Fuzileiro durma com o seu fuzil

Novembro de 2005

No último dia cinco, a convite do CCPR, esteve conversando com a gente o Dulcídio Caldeira. Desnecessário apresentá-lo a esse mercado que tanto foi marcado pelo seu trabalho. Acho oportuno, no entanto, destacar que a sua apresentação foi muito legal. Seu rolo corajoso, criativo e estimulante, ainda incluiu uma boa parte de comerciais produzidos localmente e que sobrevivem, apesar do tempo, sustentados apenas pelo brilho das suas idéias.

Logo no início do evento, depois de contextualizar o começo da sua carreira, Dulcídio apresentou seus primeiros filmes e começou a contar uma passagem antiga que, segundo ele, orientou o seu caminho como redator.

Aconteceu, mais ou menos, assim: no começo dos anos noventa, Dulcídio vai pela primeira vez a Cannes assistir ao Lions. Chegando lá, seus neurônios são expostos a um nível de radiação criativa ao qual não estava acostumado. Meio atordoado, naquele ambiente saturado de egos e idéias, Caldeira reconhece um de seus ídolos, Tom McElligott, um dos maiores profissionais de criação de todos os tempos.

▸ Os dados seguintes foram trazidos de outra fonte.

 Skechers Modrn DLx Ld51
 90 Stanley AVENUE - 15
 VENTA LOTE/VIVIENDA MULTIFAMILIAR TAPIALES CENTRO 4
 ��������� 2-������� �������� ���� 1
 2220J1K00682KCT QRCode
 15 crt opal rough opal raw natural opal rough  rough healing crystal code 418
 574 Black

Mesmo sem dispor de óleo de peroba, tão necessário nessas ocasiões, Dulcídio o aborda com a cara-de-pau lustrada apenas pela vontade de aprender. Apresenta-se e implora, educadamente, por um encontro com o mestre. Deixa o telefone do hotel onde está hospedado e fica aguardando, ansioso, pelo resultado da extração do destino. Era o seu dia de sorte, o mestre liga e agenda um café para a manhã seguinte.

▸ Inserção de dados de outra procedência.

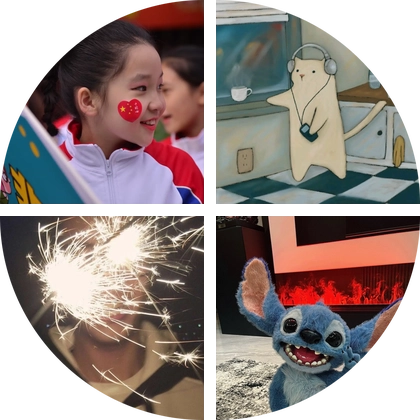 青青羽毛球俱乐部 群聊头像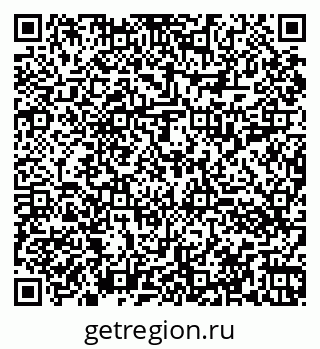 79060013003
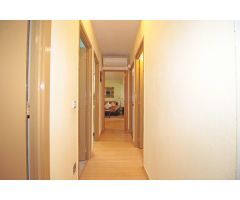 ¡Exclusiva vivienda en venta en la zona de Bripac, Alcalá de Henares!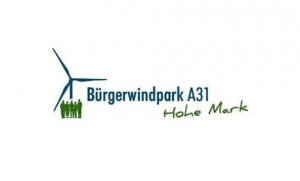 Bürgerenergie A 31 Hohe Mark Projekt GmbH & Co. KG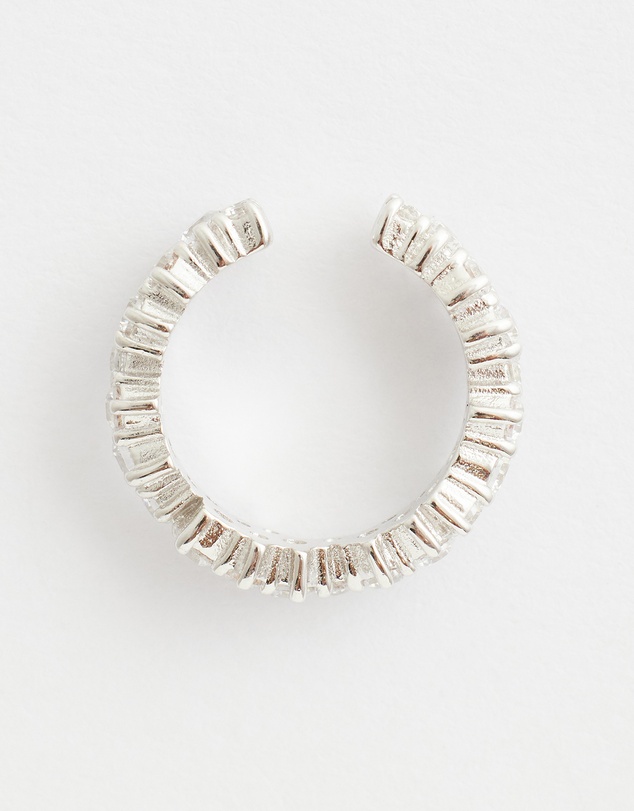 EL&RO Jewellery - Covey Ear Cuff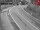 Webcam in Hochfilzen, 4.8 km entfernt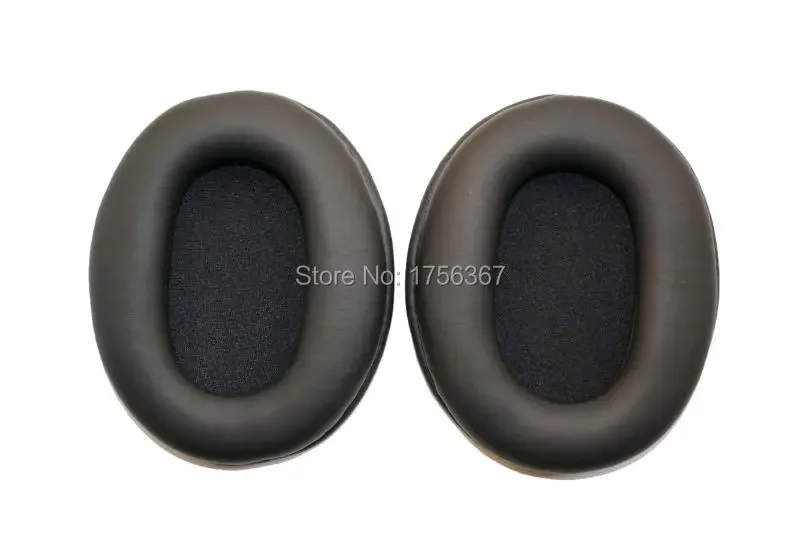 Thay Thế Miếng Đệm Tai Cho Máy Panasonic Kỹ Thuật RP-HT370 RP-HT376 HT379 Tai Nghe Đệm. (Earmuffes) Tai Miantao, Âm Thanh Lossless Chất Lượng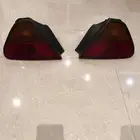 للبيع اصطبات اكورد كوبي 2002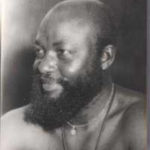 Nollywood’s Actor, Gogo Ombo Is Dead! 2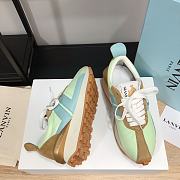 Lanvin Pumpr Sneakers 0028 - 2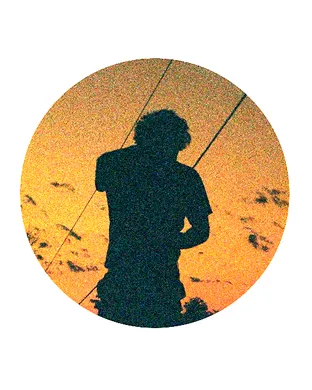 Day We Ran Salt Lake City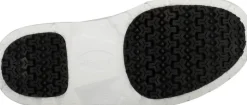 Fubuki Niseko 3.0 White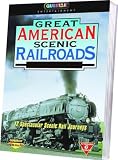 Great American Scenic Railroads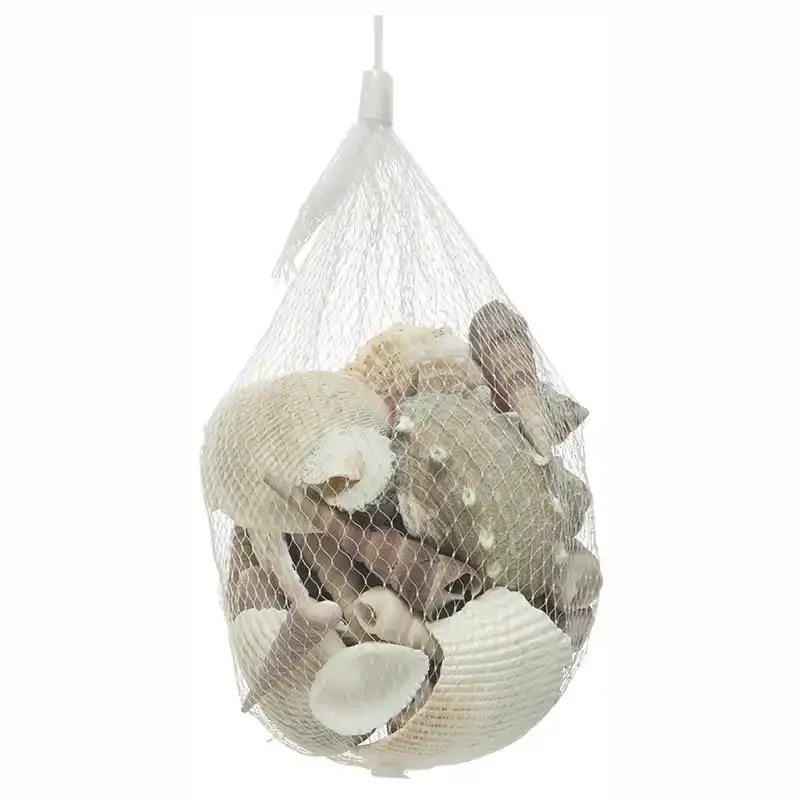 Køb Strandskaller i net ass. hos Brondsholm.dk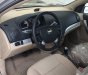 Chevrolet Aveo LT 2017 - Bán Aveo 5 chỗ mới, đưa trước chỉ với 120tr, hỗ trợ ngân hàng toàn quốc
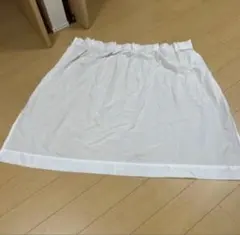 ニトリ　レースカーテン1枚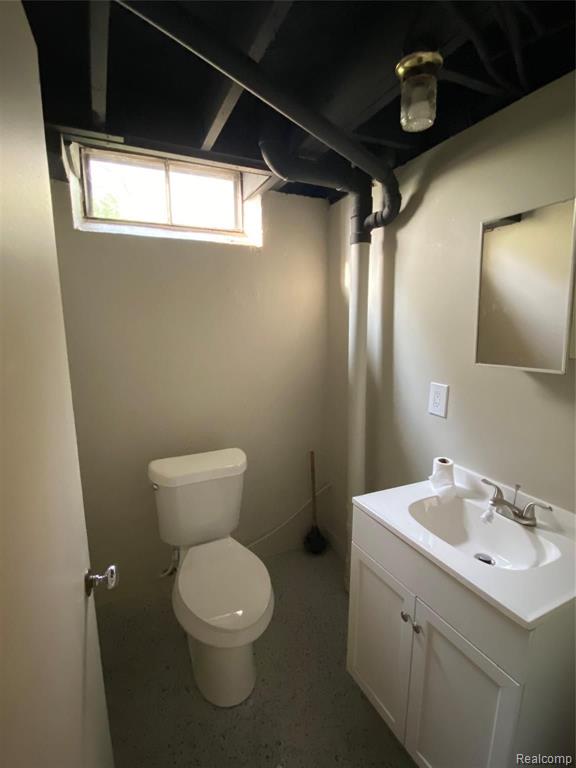 21325 Newcastle Road Harper Woods, MI 48225 - Photo 16 of 23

A conversa foi amigável e direta. No fundo, o que Dulcidio queria saber, era como se tornar um grande redator. Haveria uma fórmula, um método?
Gentilmente e sem muitos rodeios, McElligott começou a lembrar que quando serviu aos Estados Unidos como fuzileiro, o sargento tinha uma frase que resumia bem a intensidade do treinamento: “Fuzileiro, durma com seu fuzil,” dizia ele.

Quando, mais tarde, Tom decidiu tornar-se um grande redator, logo percebeu que a coisa não era assim tão simples. Perception - Reality - por mais que tentasse não conseguia fazer nada razoável. Foi quando pareceu ouvir a voz rouca do maldito sargento: “Fuzileiro, durma com seu fuzil.” A resposta veio automática: “Sir, yes sir!”

Assim, adotou o treinamento dos fuzileiros na sua nova frente de batalha, ou seja, passou a dormir com a máquina de escrever.
Porém, também nessa fase, foi preciso rastejar, vencer o sono, o cansaço e submeter-se à disciplina rigorosa. Assim, dia após dia, foram devorados anuários, rasgados incontáveis roteiros, formulados infinitos conceitos e descartadas montanhas de idéias. Até que, um belo dia – depois de quatro anos de treinamento -, seus tiros começaram a atingir o alvo. Cada vez mais e em intervalos menores…

Elegantemente, McElligott encerrou sua narrativa por aí, até porque a partir desse ponto, além de conhecida, a história se tornaria muito autocontemplativa. Despediram-se com cortesia e retornaram à maratona do festival.